TASK STATEMENT:
What you give back should be exactly the lines from the one with "Zdjęcie w galerii" through the end of the data, without the pictures.

[Captioned web images]
________________

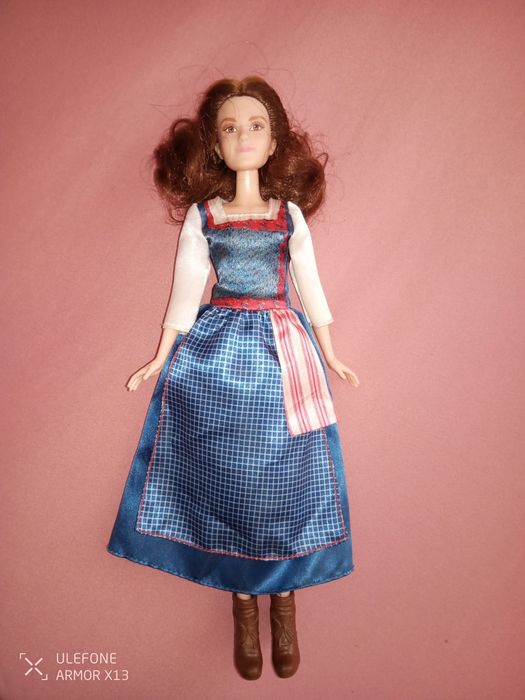 Boneca Bela do filme A Bela e o Monstro (brinquedos)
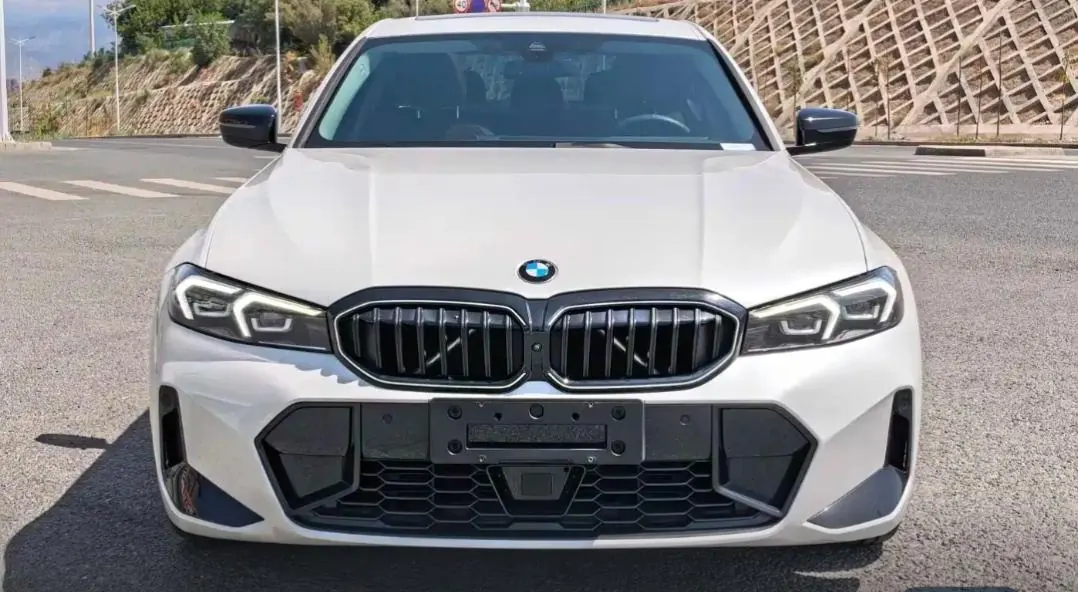 BMW 3 Series 2025 330Li 2.0T M Sports Obsidian Night Suit Automatic Gear 2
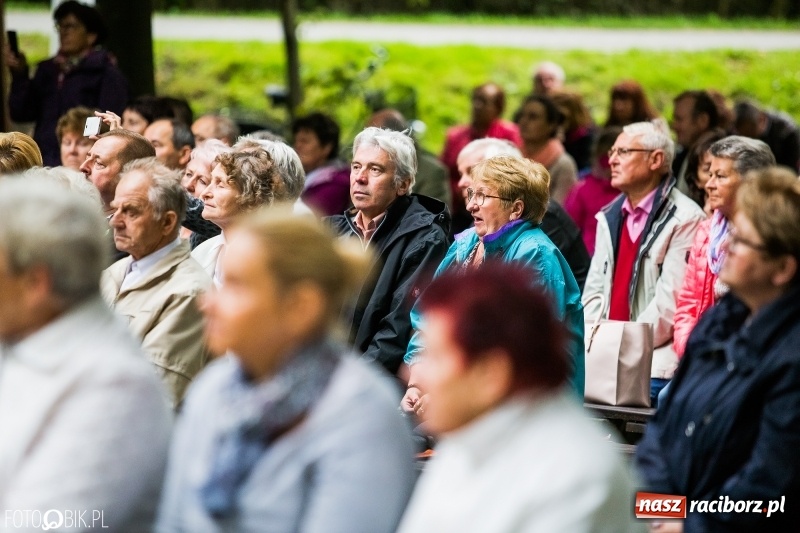 Zdjęcie w galerii na portalu naszraciborz.pl: Pierwszy dzień obchodów 750-lecia Pietrowic Wielkich oraz 350-lecia kościółka pw. św. Krzyża wiadomości z regionu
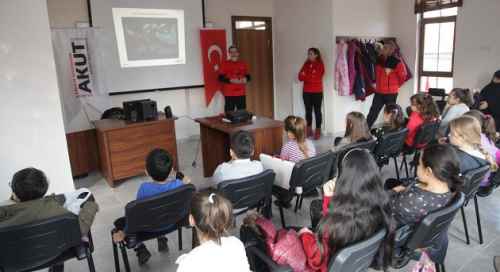 AKUT eğitim veriyor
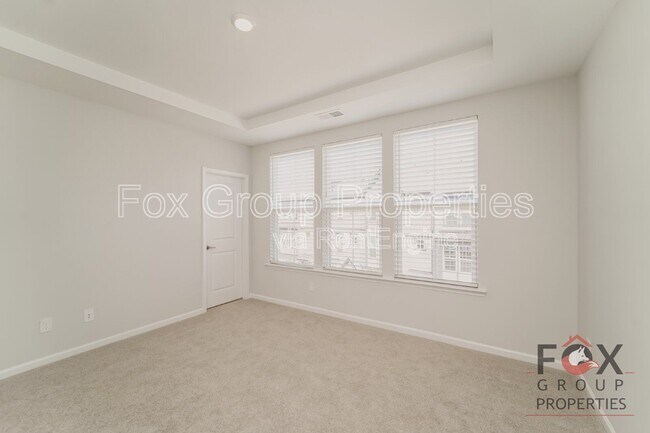 Building Photo - 908 Mary Max Dr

________________

SOLUTION FOR THIS TASK:
 Zdjęcie w galerii na portalu naszraciborz.pl: Pierwszy dzień obchodów 750-lecia Pietrowic Wielkich oraz 350-lecia kościółka pw. św. Krzyża wiadomości z regionu
 AKUT eğitim veriyor
 Building Photo - 908 Mary Max Dr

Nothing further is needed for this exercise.